Und dann gibt es noch die Fälle, wo die Verwendung von »als« und »während« sinnvoll ist – weil sie einen Zweck erfüllt. Etwa in jenem Satz von oben, wo wir auf die Zeit fokussieren: Die klassische Musik wogt weiter, als Martin den Geruch einatmet. Oder in folgenden Konstruktionen:

Martin liebte Melanie seit Jahren, ja, er redete dauernd mit ihr, wenn er allein war, malte sich lange, innige Gespräche aus. Als er dann endlich bei ihr auf der Couch saß, brachte er kein Wort heraus.

Der Zeitdimension kommt hier eine wichtige Rolle zu. Das »als« macht Sinn.

Auch für »während« kann die Zeit eine zentrale Rolle spielen. Wie etwa hier:

Während Martin stumm auf der Couch saß und seinen Weißwein warm werden ließ, lief Melanie durch die Wohnung und quasselte, quasselte und quasselte.

Das stumm Dasitzen und das quasselnd Herumlaufen werden durch das »während« zusammengebracht und ergeben einen starken Kontrast. Der wäre weniger stark, wenn die beiden Sätze einfach hintereinanderstünden:

Martin saß stumm auf der Couch und ließ seinen Weißwein warm werden und Melanie lief durch die Wohnung und quasselte, quasselte und quasselte.

Auch kann »während« zwei entfernte Ereignisse zeitlich miteinander verknüpfen:

Während Martin in Melanies Bett lag und zufrieden zur Decke blickte, stand Fred unter der Dusche, beschimpfte sein verzerrtes Spiegelbild im Duschkopf und machte sich Vorwürfe, dass er Melanie so mies behandelt hatte.

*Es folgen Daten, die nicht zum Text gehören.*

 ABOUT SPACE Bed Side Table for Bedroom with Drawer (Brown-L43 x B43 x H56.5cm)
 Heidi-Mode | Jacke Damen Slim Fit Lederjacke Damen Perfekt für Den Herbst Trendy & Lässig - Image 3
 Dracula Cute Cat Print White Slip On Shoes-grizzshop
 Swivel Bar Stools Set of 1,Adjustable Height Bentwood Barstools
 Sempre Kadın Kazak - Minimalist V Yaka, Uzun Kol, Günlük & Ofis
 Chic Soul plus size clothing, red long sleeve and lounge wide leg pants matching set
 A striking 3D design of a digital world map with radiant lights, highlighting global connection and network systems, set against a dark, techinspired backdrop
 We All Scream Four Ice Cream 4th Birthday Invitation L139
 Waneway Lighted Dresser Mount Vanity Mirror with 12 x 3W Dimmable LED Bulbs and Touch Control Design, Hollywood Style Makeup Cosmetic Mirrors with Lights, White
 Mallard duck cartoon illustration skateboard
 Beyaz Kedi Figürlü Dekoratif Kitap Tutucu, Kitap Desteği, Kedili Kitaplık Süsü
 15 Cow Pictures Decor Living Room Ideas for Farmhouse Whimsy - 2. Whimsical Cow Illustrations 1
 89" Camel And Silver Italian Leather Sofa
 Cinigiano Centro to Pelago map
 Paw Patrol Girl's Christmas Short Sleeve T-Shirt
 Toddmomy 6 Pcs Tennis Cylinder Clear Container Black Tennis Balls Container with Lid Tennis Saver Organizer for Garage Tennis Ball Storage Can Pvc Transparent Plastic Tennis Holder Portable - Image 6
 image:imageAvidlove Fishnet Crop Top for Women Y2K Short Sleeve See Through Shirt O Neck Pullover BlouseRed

Sehen Sie sich Ihre »als« und »während« bei der Überarbeitung und künftig beim Schreiben genauer an. Brauchen Sie die »Vor-, Gleich- oder Nachzeitigkeit« oder den Verlauf? Rechtfertigt die Verwendung der Präpositionen eine Erschwerung des Leseflusses? Oder könnten nicht zwei Aktivsätze den Job besser und flotter erledigen?